Lines from the beginning of the data through the line containing "TechnoGym Crosstrainer Excite+" are to be copied exactly, with no other line included.

Data items
- - -

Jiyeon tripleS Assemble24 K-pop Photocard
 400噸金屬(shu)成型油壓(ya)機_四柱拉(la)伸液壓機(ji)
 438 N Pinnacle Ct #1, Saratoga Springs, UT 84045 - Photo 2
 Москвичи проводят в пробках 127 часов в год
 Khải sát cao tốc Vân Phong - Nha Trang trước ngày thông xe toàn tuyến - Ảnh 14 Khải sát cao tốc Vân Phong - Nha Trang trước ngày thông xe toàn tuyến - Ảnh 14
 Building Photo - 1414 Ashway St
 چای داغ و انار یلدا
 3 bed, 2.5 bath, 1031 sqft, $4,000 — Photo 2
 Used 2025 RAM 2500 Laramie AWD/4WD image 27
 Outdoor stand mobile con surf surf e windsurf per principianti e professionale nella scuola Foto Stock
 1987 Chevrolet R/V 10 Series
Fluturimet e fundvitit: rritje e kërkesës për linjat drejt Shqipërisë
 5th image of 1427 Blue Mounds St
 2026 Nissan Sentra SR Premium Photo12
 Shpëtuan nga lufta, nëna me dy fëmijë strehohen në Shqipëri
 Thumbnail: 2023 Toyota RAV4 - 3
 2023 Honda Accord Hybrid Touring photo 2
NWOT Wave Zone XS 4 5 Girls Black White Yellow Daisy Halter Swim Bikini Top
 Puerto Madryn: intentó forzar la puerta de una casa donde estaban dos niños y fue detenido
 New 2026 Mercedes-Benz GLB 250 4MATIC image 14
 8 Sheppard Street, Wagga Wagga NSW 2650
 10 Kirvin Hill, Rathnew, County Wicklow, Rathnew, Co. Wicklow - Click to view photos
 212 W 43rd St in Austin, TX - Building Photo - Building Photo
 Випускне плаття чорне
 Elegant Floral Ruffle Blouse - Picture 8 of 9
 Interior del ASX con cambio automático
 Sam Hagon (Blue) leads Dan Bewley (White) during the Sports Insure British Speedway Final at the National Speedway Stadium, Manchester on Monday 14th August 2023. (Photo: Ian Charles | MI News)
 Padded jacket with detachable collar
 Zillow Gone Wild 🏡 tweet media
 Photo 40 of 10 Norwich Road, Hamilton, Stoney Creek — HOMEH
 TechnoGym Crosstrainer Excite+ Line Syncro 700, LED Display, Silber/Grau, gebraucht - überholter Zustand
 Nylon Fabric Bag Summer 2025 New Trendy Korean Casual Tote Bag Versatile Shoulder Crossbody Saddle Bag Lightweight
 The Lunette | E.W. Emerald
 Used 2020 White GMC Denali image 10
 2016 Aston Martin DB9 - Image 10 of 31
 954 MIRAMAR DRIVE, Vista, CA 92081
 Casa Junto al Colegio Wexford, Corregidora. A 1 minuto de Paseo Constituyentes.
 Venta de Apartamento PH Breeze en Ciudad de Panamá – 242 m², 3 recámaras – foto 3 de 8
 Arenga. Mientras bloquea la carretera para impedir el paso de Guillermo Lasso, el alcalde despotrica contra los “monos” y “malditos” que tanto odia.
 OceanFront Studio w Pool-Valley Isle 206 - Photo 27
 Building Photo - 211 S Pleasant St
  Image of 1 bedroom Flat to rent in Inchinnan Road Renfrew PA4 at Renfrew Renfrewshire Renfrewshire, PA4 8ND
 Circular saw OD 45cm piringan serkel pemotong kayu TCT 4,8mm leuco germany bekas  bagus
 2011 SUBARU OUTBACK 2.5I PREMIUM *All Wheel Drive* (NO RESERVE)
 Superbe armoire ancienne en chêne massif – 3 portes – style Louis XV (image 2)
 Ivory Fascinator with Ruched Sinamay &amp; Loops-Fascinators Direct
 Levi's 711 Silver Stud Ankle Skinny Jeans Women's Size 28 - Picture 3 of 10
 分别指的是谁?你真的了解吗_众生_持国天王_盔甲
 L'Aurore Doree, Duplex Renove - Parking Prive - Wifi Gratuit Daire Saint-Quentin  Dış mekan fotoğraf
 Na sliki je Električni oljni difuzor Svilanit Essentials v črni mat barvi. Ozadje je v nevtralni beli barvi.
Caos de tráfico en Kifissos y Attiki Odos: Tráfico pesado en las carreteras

- - -

Response area.
Jiyeon tripleS Assemble24 K-pop Photocard
 400噸金屬(shu)成型油壓(ya)機_四柱拉(la)伸液壓機(ji)
 438 N Pinnacle Ct #1, Saratoga Springs, UT 84045 - Photo 2
 Москвичи проводят в пробках 127 часов в год
 Khải sát cao tốc Vân Phong - Nha Trang trước ngày thông xe toàn tuyến - Ảnh 14 Khải sát cao tốc Vân Phong - Nha Trang trước ngày thông xe toàn tuyến - Ảnh 14
 Building Photo - 1414 Ashway St
 چای داغ و انار یلدا
 3 bed, 2.5 bath, 1031 sqft, $4,000 — Photo 2
 Used 2025 RAM 2500 Laramie AWD/4WD image 27
 Outdoor stand mobile con surf surf e windsurf per principianti e professionale nella scuola Foto Stock
 1987 Chevrolet R/V 10 Series
Fluturimet e fundvitit: rritje e kërkesës për linjat drejt Shqipërisë
 5th image of 1427 Blue Mounds St
 2026 Nissan Sentra SR Premium Photo12
 Shpëtuan nga lufta, nëna me dy fëmijë strehohen në Shqipëri
 Thumbnail: 2023 Toyota RAV4 - 3
 2023 Honda Accord Hybrid Touring photo 2
NWOT Wave Zone XS 4 5 Girls Black White Yellow Daisy Halter Swim Bikini Top
 Puerto Madryn: intentó forzar la puerta de una casa donde estaban dos niños y fue detenido
 New 2026 Mercedes-Benz GLB 250 4MATIC image 14
 8 Sheppard Street, Wagga Wagga NSW 2650
 10 Kirvin Hill, Rathnew, County Wicklow, Rathnew, Co. Wicklow - Click to view photos
 212 W 43rd St in Austin, TX - Building Photo - Building Photo
 Випускне плаття чорне
 Elegant Floral Ruffle Blouse - Picture 8 of 9
 Interior del ASX con cambio automático
 Sam Hagon (Blue) leads Dan Bewley (White) during the Sports Insure British Speedway Final at the National Speedway Stadium, Manchester on Monday 14th August 2023. (Photo: Ian Charles | MI News)
 Padded jacket with detachable collar
 Zillow Gone Wild 🏡 tweet media
 Photo 40 of 10 Norwich Road, Hamilton, Stoney Creek — HOMEH
 TechnoGym Crosstrainer Excite+ Line Syncro 700, LED Display, Silber/Grau, gebraucht - überholter Zustand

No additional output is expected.